Мы также попросили сказать несколько слов Майю Гаврииловну, мать художника.
— Мне сложно было отдавать полотна на выставку, потому что я их очень ценю. Мне деньги не нужны, мне дороги сами картины. Их у меня осталось немного, и они мне очень дороги как память.
Я до сих пор чувствую с Олегом связь. Он всегда рядом. Он с нами здесь сегодня, в настоящий момент. Он любил свои выставки. Он очень любил своих учителей, любил Леонида Афанасьевича даже больше, чем своего отца, не побоюсь этого слова. Отец же на работе, все время занят. А Леонид Афанасьевич — всегда рядом. Он сделал из него художника.
Он, в основном, рисовал в мастерской Леонида Афанасьевича. Я туда ходила, и он рисовал и меня. Позировала ему, когда просил, и уже как сяду, то сразу зевать начинаю, сразу спать тянет, поэтому он говорил: «Ладно, поспи, я тебя так порисую». Осталось много портретов, я там молодая и красивая, я прошу Леонида Афанасьевича поискать в училище.
Олега окружали прекрасные люди, хотя были и завистники. И в школе, и в институте у него было прозвище «обаяшка». Он действительно имел такое качество. Песни придумывал, на гитаре играл. Всегда был мягок и нежен со мной. А затем, вдруг, — глаза закрывал, я уже знала, что он погружается в свои образы и мысли, — и я уходила.
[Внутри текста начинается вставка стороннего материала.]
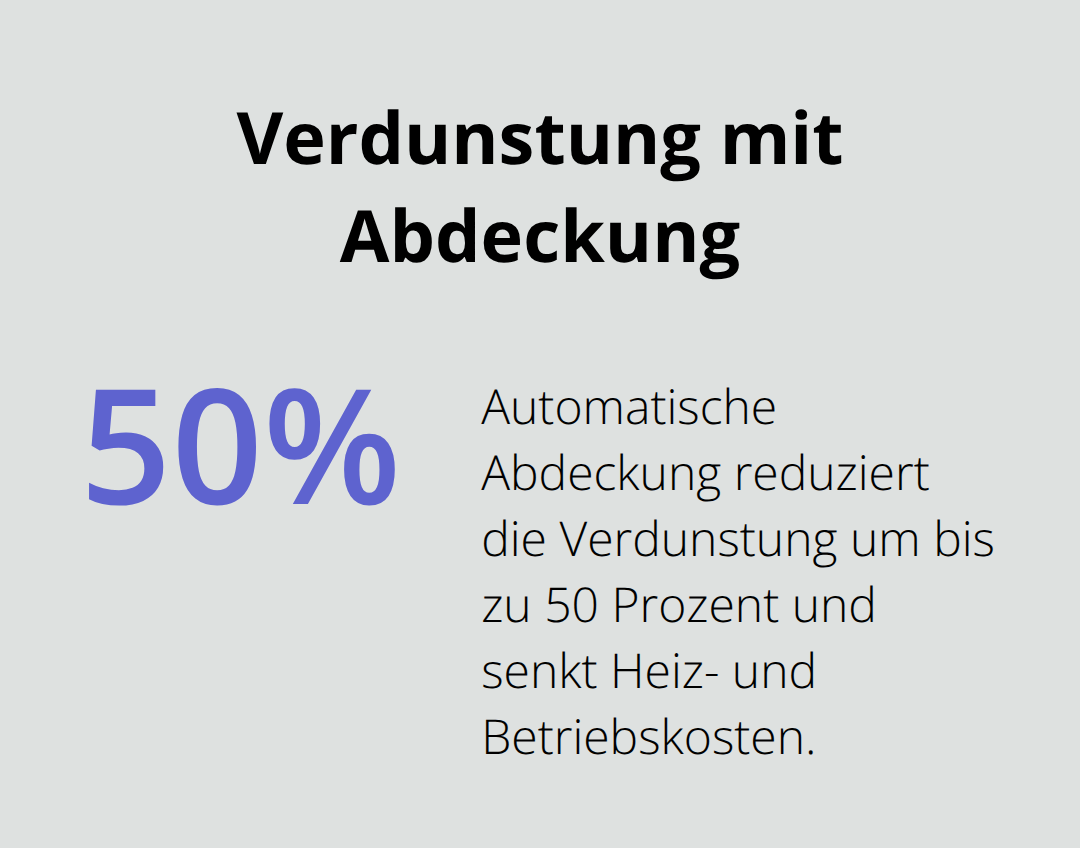 Prozentuale Reduktion der Wasserverdunstung durch automatische Poolabdeckung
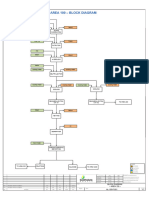 Visio AL 100 P 001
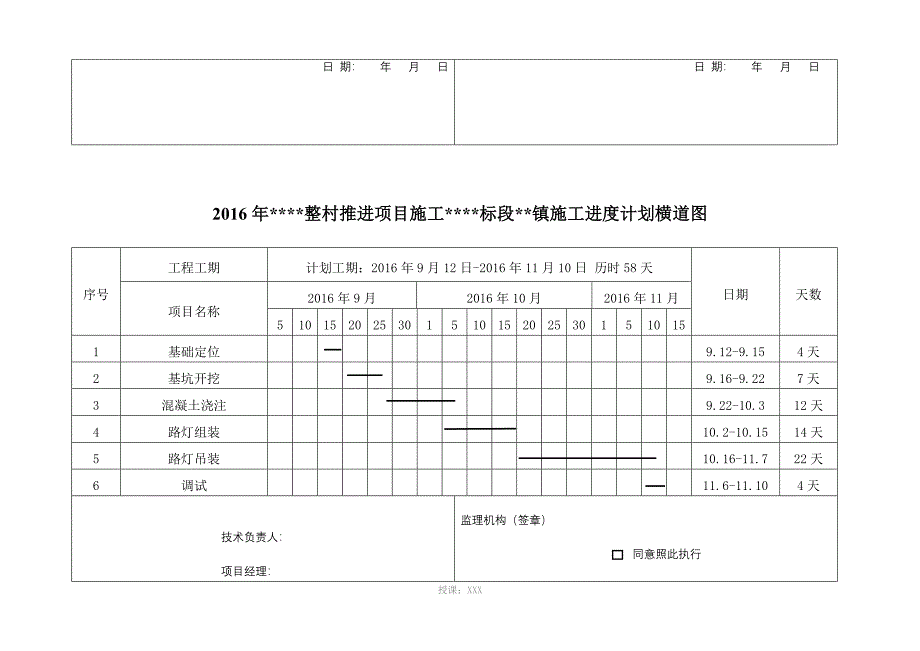 太阳能路灯施工进度计划00_第4页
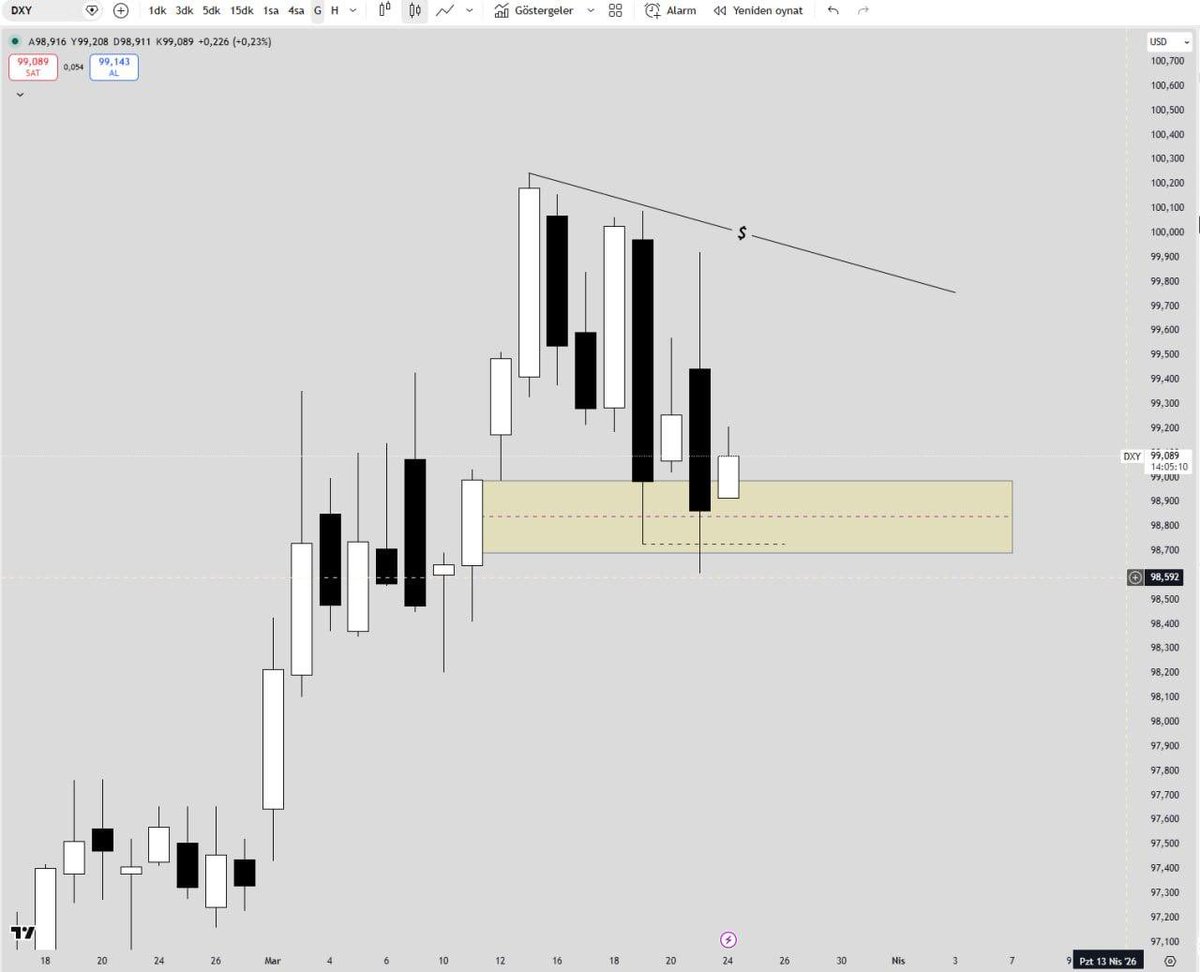 White Rabbit tweet media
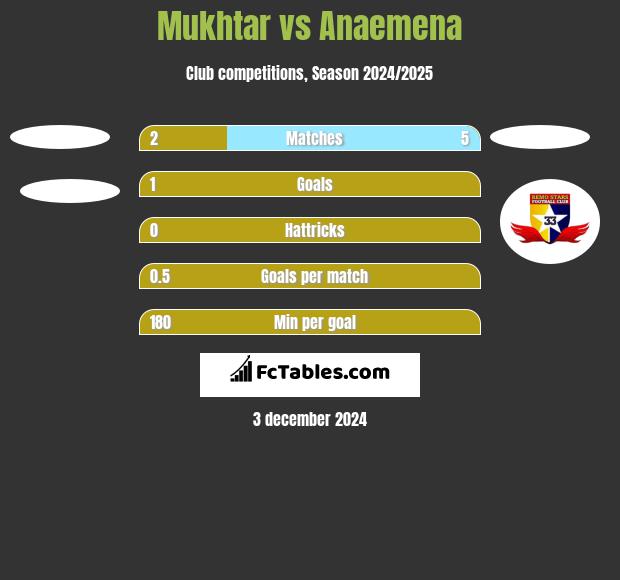 Mukhtar vs Anaemena h2h player stats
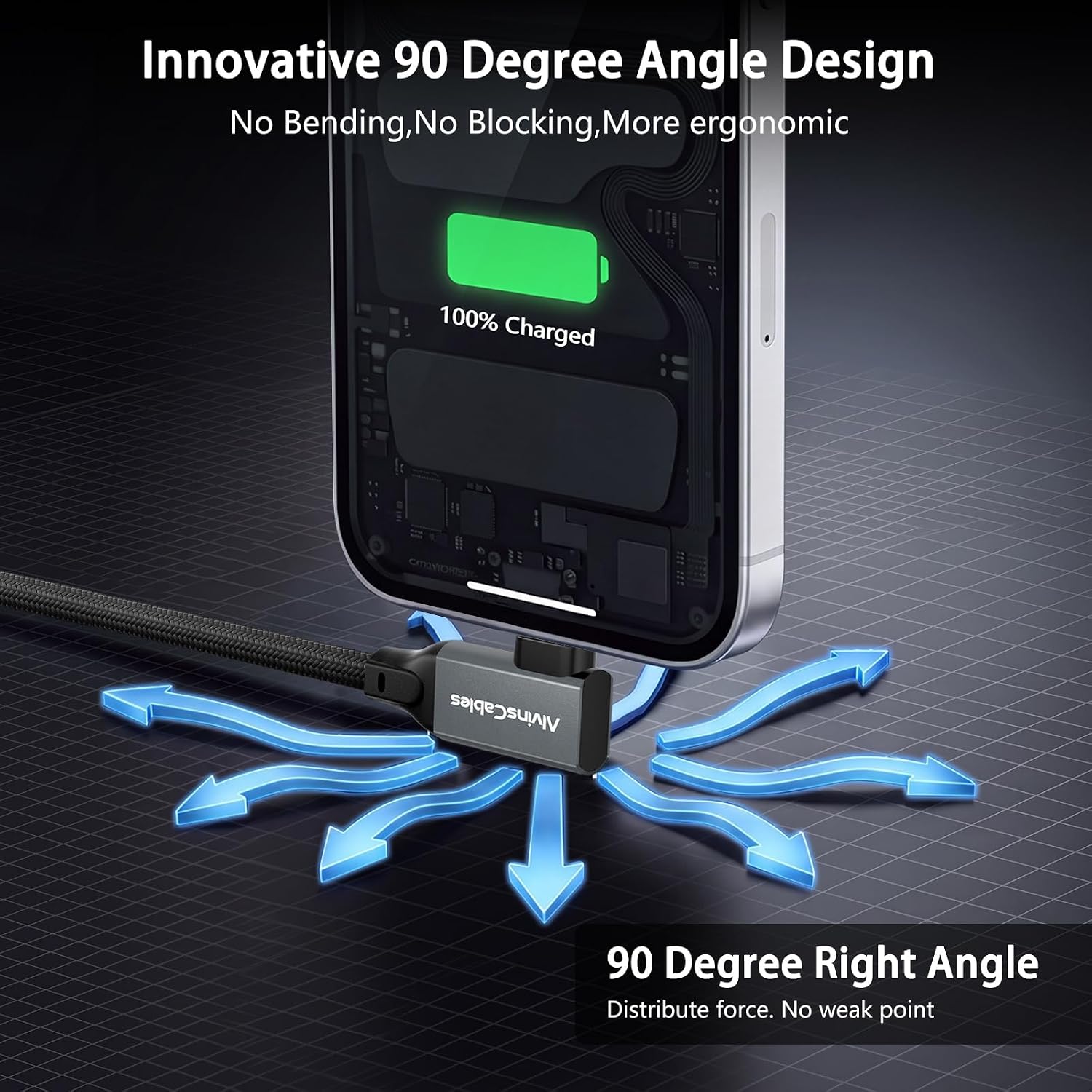 Coiled USB-C to USB-C Cable, Braided Right Angled USB-C Cable, 40Gbps, 240W PD 3.1 Charging, 8K@60Hz Video, USB4.0 Type C for Thunderbolt 4/3, BMPCC, Canon R5/R6, Sony FX3/A7C, iPhone, SSD/Dock, Black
Не женился, хотя собирался: была у него любимая девушка. А когда я просила его жениться, он мне отвечал: «Мама, я не успею сделать то, что я задумал».
СПРАВКА «Дня»
Олег ГОЛОСИЙ (1965, Днепропетровск — 1993, Киев). Трагически погиб.
ОБРАЗОВАНИЕ
1984—1990 Украинская академия искусств и архитектуры (факультет монументальной живописи), Киев; 1980—1984 Художественное училище, Днепропетровск.
ПЕРСОНАЛЬНЫЕ ВЫСТАВКИ
2003 — Национальный художественный музей Украины, Киев; 1998 — «Фантасмагории», галерея «Ателье Карась», Киев; 1994 — «День и ночь сменяют друг друга», галерея «Риджина», Москва; 1993 — Галерея УКВ, Киев; 1991 — Галерея «Риджина», Центральный дом художника, Москва
ГРУППОВЫЕ ВЫСТАВКИ
2002 — «Живопись из первых рук», Манеж, Москва; 2001 — «Искусство против географии», Русский музей, Санкт-Петербург; 1999 — «Взгляды на Украину», Passage du Retz, Париж; 1994 — «Художественные импрессии», Украинский дом, Киев; «Пространство культурной революции», Украинский дом, Киев; 1993 — «Степи Европы», Центр современного искусства «Уяздовский замок», Варшава; «Ангелы над Украиной», Эдинбург; «Арт-миф-IIІ», Манеж, Москва; 1992 — «Диалог с Киевом», Vіlla Stuck, Мюнхен; «Постанестезия», галерея на Лотрингерштрассе, Мюнхен, Grassі Museum, Лейпциг; 1991 — «Художники Парижской коммуны», выставочный зал Союза художников Украины, Киев; «Арт-миф-IІ», Манеж, Москва; Весенняя выставка, Центральный дом художников, Киев; 1990 — «Вавилон», Дворец молодежи, Москва; «Новые фигурации», Литературный музей, Одесса; «Новая украинская живопись», Будапешт; «Три поколения украинского искусства», Торговая палата Украины, Киев; «Украинская живопись ХХ века», Национальный художественный музей Украины, Киев; «Вспышка», Дом архитектора, Киев ; «Арт-миф-І», Манеж, Москва; 1989 — «Между постмодернизмом и авангардом», Варшава; Республиканская молодежная выставка, Центральный дом художников, Киев; «Седнев-89», Национальный художественный музей Украины, Киев; «Первая коллекция», галерея «Марс», Москва; 1988 — «Диалог сквозь века», Политехнический институт, Киев; «Любовь-88», Музей истории Киева; «Киев — Каунас», выставочный зал Союза художников Украины, Киев; Всесоюзная выставка молодых художников, Манеж, Москва.